Honorary Degrees of Retiring Faculty
Bruce W. Cronmiller, Professor of French,1988
"Four hundred years ago this year, Montaigne completed his Essays, then during his remaining years he added to them, clarifying his ideas and strengthening the style. Like this French essayist who wrote that the teacher must never impose lessons on the pupil, you, Bruce W. Cronmiller, have invited your students to read with you, to reflect with you about their reading, and then to choose ideas for themselves. You have brought together unlikely groups of students--sometimes reluctant learners--and you have created in them--often for the first time--an interest in ideas and their expression. You have read French literature with them, especially Rabelais, Montaigne, Pascal and Moliere; you have introduced Lawrence students to the events that took place in France in 1968 and to the literature of French West Africa. You have invited them not only to read but also to listen and to look. Your students have listened to French as it is broadcast to the French themselves, and they have seen films just as they are seen in France.
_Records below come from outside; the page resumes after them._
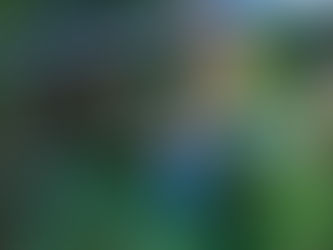 The most exciting adventure tour in Chiang Mai! Ride through jungle trails on an ATV, then continue with a thrilling zipline adventure across the forest canopy.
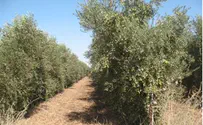 הרשות הפלסטינית תיטע 750 אלף עצי זית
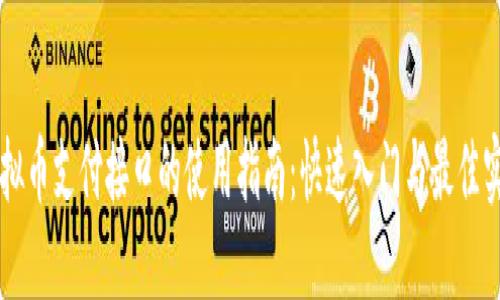 虚拟币支付接口的使用指南：快速入门与最佳实践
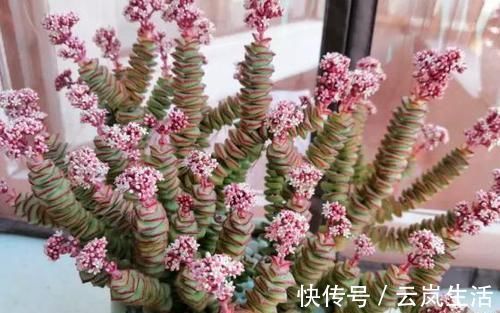叶肥芽|养多肉植物钱串景天,注重4个地方,叶肥芽多,轻松爆盆!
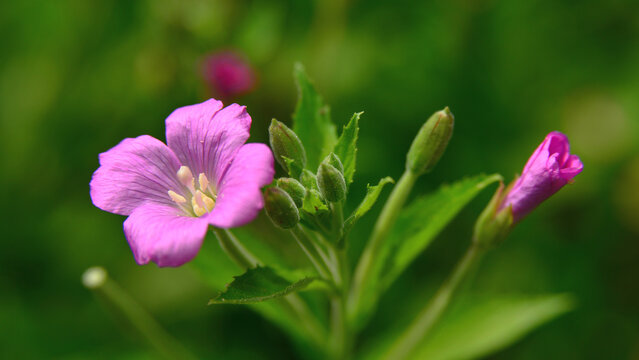 Epilobium hirsutum pink wildflowers on a background of green grass in summer. - Powered by Adobe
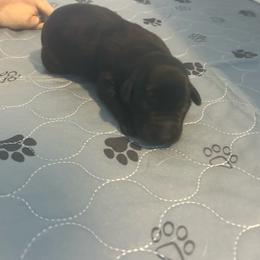 Boy 3 - Black male Labrador Retriever puppy in Four Oaks, North Carolina from TLC Retrievers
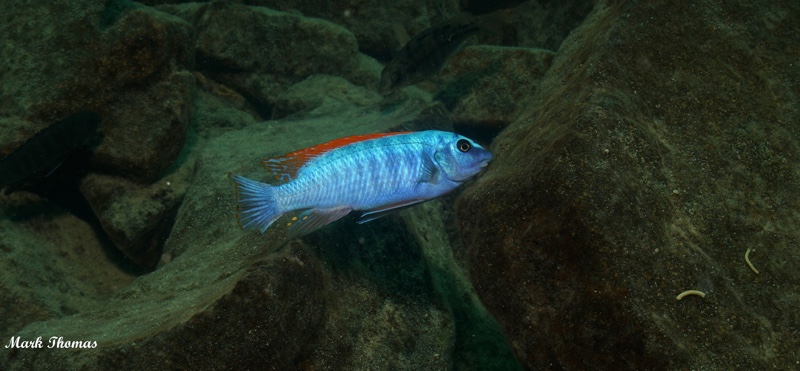 Labeotropheus trewavasae 'Mitande Reef (Rocks)'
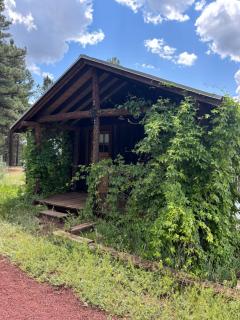 Historic Parks Ranch Cabin near Williams - 5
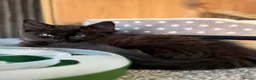 Maine Coon cats for adoption: Beautiful Part Maine Coon Kitten For Sale  - Advert 5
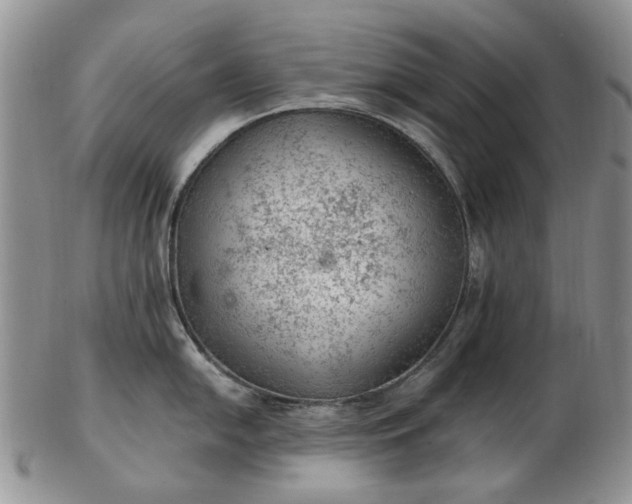 X0000103161054200809051655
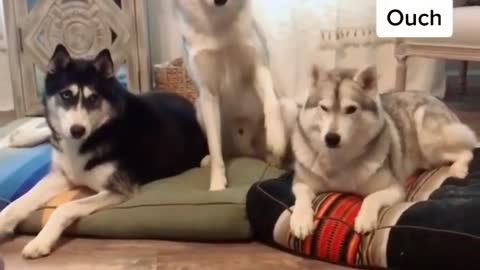 Cute Husky Dog Short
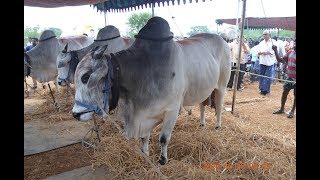 2018 Kesarapalli ongole bull race  Kakumanu doctor garu amp Kasanneni raja garu  2400 feet [upl. by Fesuy]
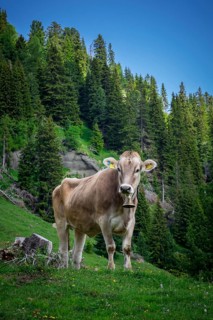 Tyrolean grey cattle on a pasture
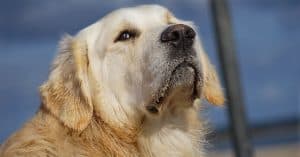 Are Golden Retrievers Dangerous Understanding Their Bite - fjpgsp9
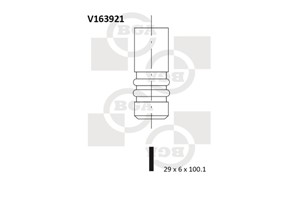 Utløpsventil, BMW, 11341503738, 11341707519, 11344457287, 11347503738, 11347503839, 11347592839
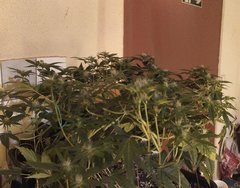 PANO_20210124_193954.jpg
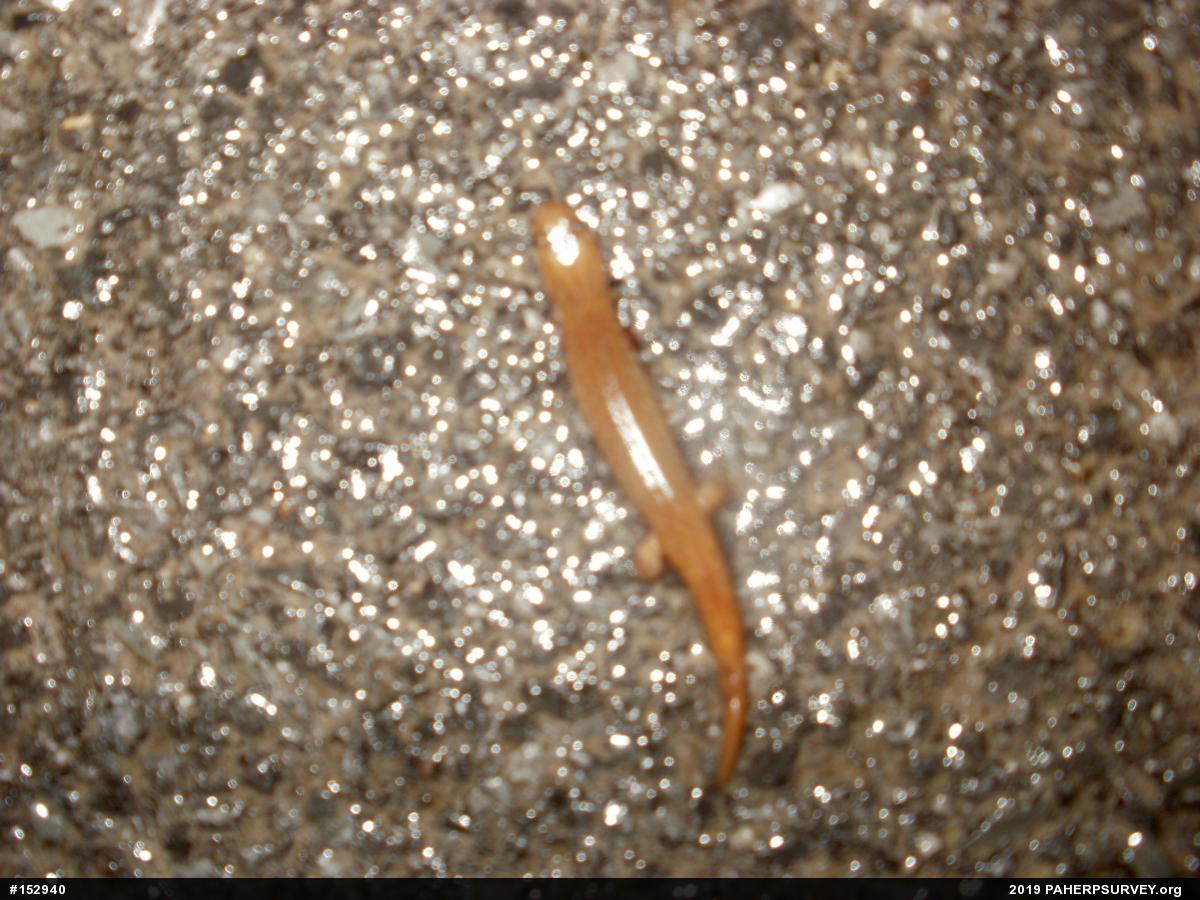 Northern Dusky Salamander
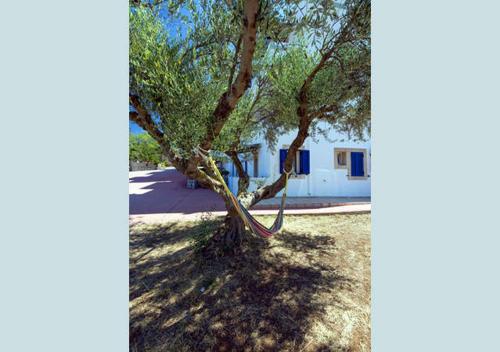 Contaratos Holiday Lettings 3 - image 5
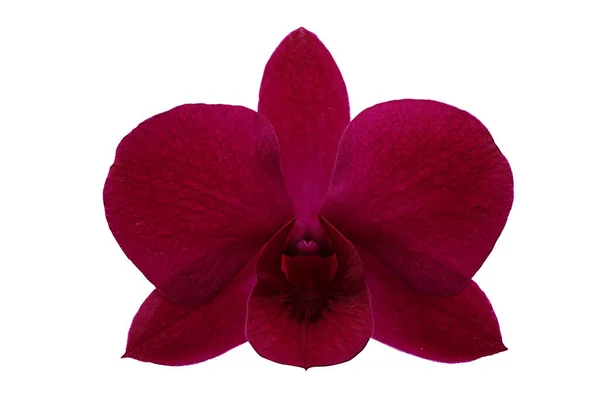 Close Single Red Purple Orchid Flower Isolated White Background — Stok Foto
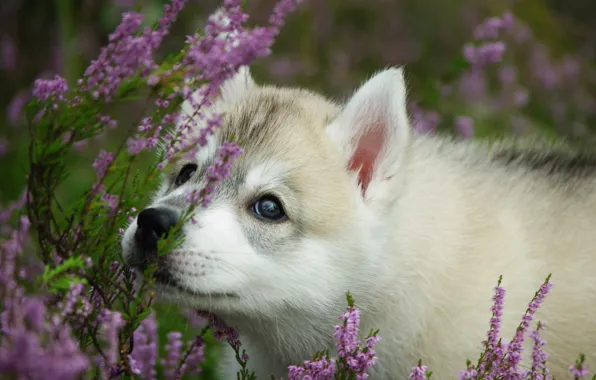 Picture flowers, dog, puppy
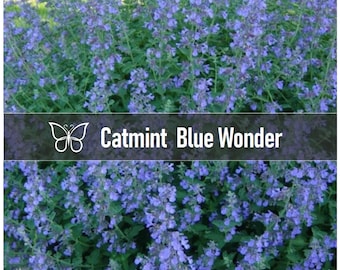 5 Nepeta BLUE WONDER CATMINT Faassenii Perennial Starter Plant Plugs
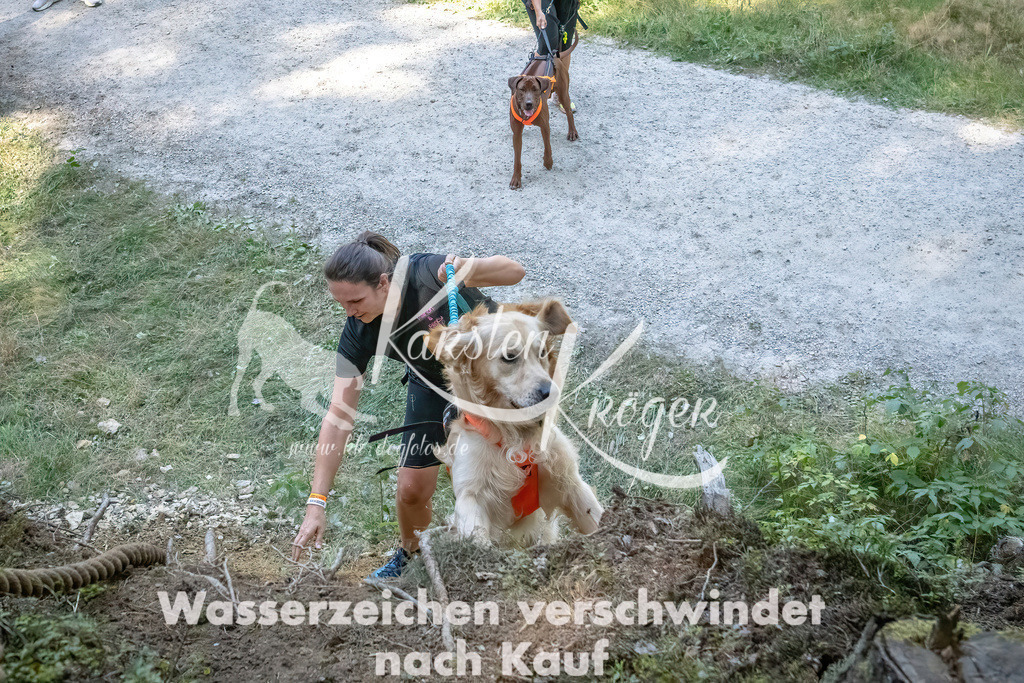 1155_ZZ92560 | kk-dogfotos
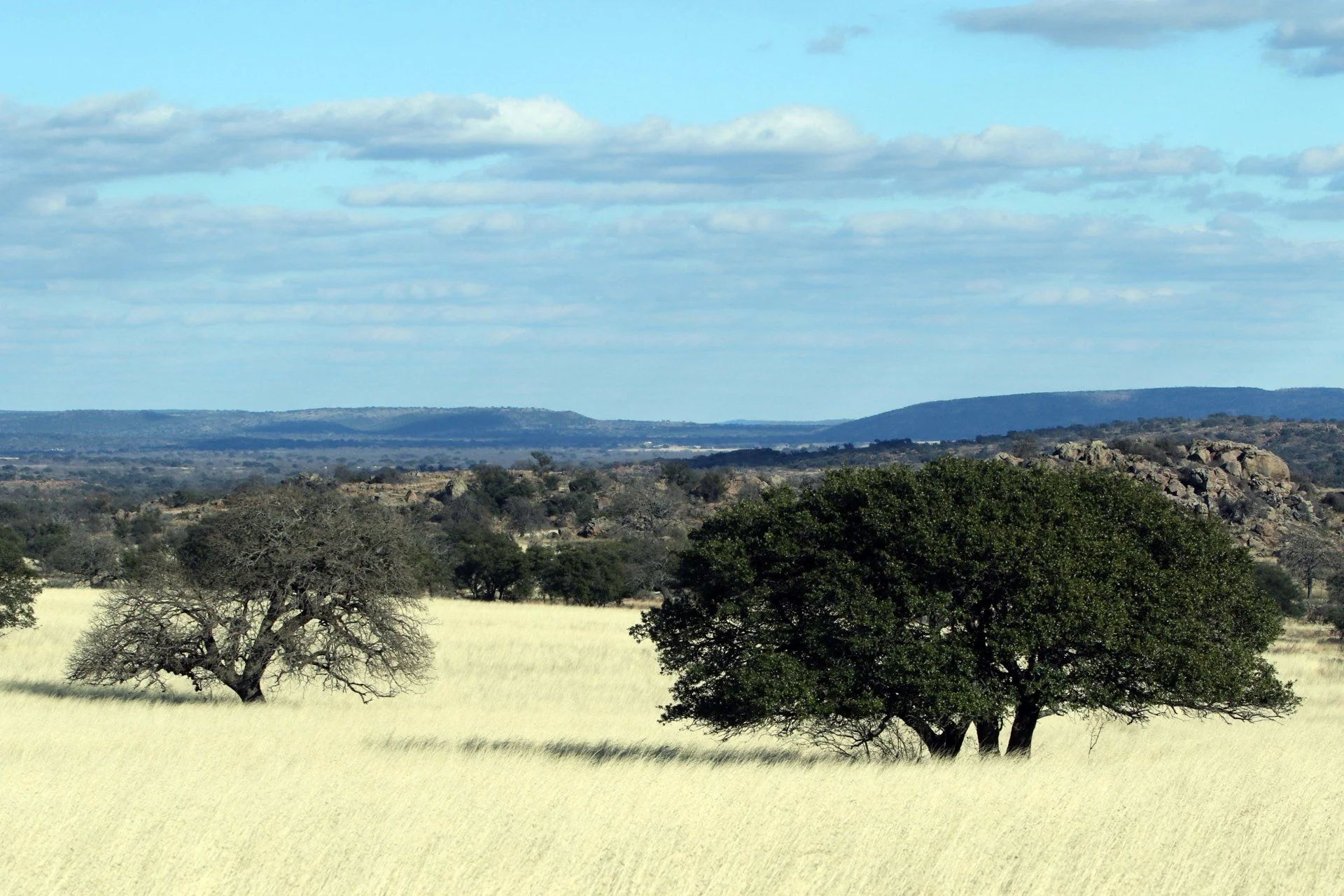 LLANO19011 (114).webp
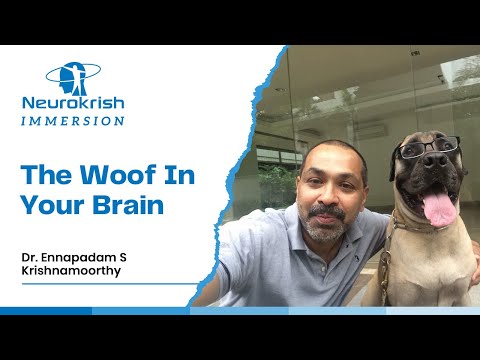The Woof In Your Brain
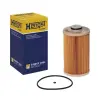 HENGST FILTER Üzemanyagszűrő E490KP D484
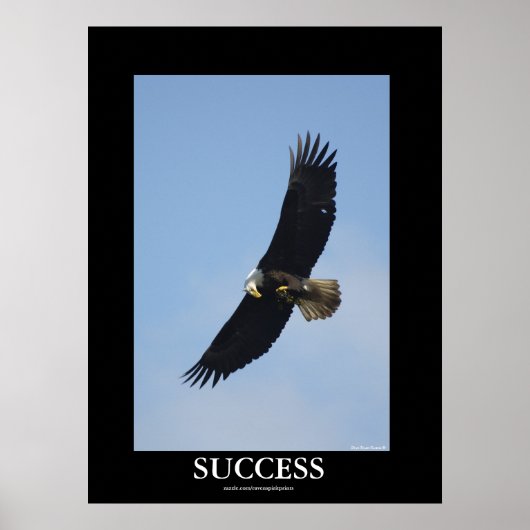 SUCCESS Bald Eagle Motivatie Poster (Voorkant)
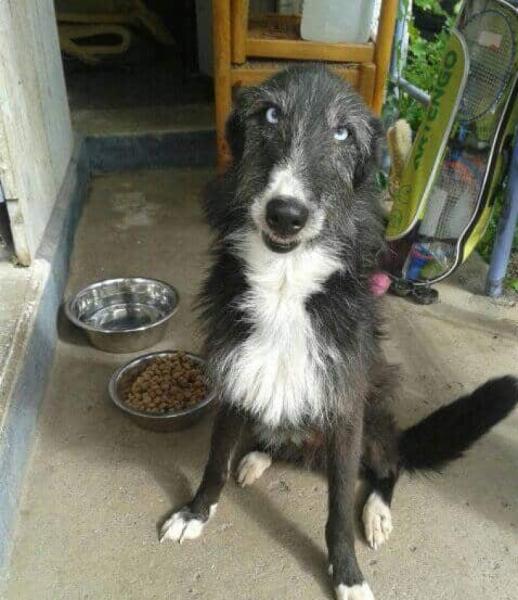 Donne contre bons soins lévrier espagnol 8 ans - Hautes Alpes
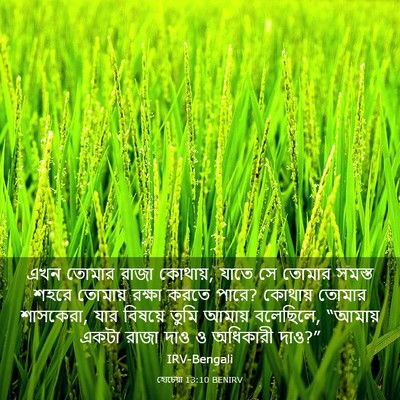 Picture 03 - হোচেয়া 13:10 BENIRV - এখন তোমার রাজা - Bible Verse Picture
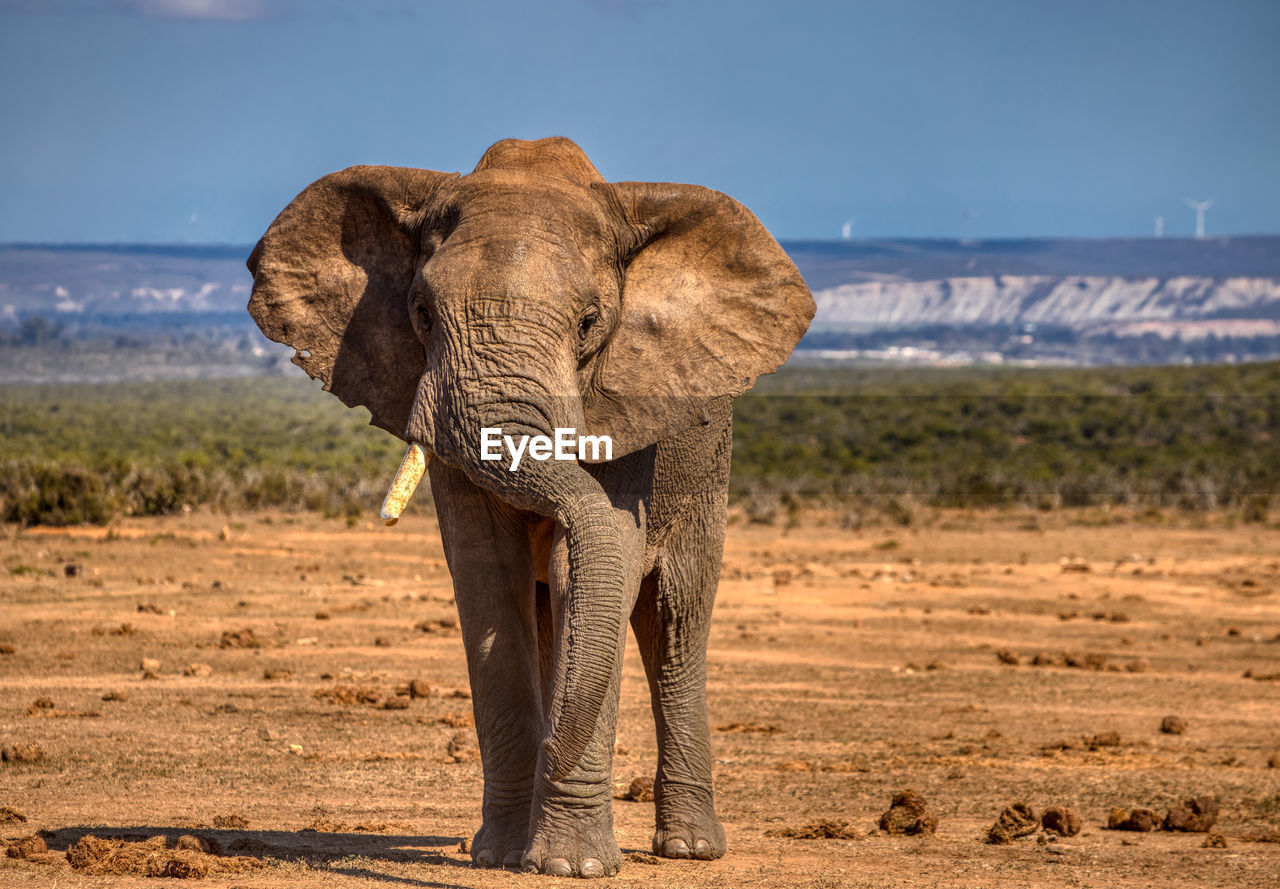 CLOSE-UP OF ELEPHANT ON FIELD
You have surprised your students with the imagery of Dante's Divine Comedy, the design of a Durer woodcut, the depths of Mozart's 'Don Giovanni,' and the taste of sauce bearnaise. For you understand as Montaigne understood that visiting foreign countries is marvelous not for bringing back this object or that fact but for getting to know the character and customs of those nations, and then in contact with them for 'rubbing and polishing our brains.' One of your students has said that you represent the best of scholarship, for you have used your intellectual gifts not as a weapon or a possession but as an enhancement of life. Like Montaigne in 1588, you complete today your essay at Lawrence, leaving yourself free to add to it and to embellish it.
By the authority vested in me, I now confer upon you the degree of Master of Arts, ad eundem, and admit you to its rights, its privileges, and its obligations."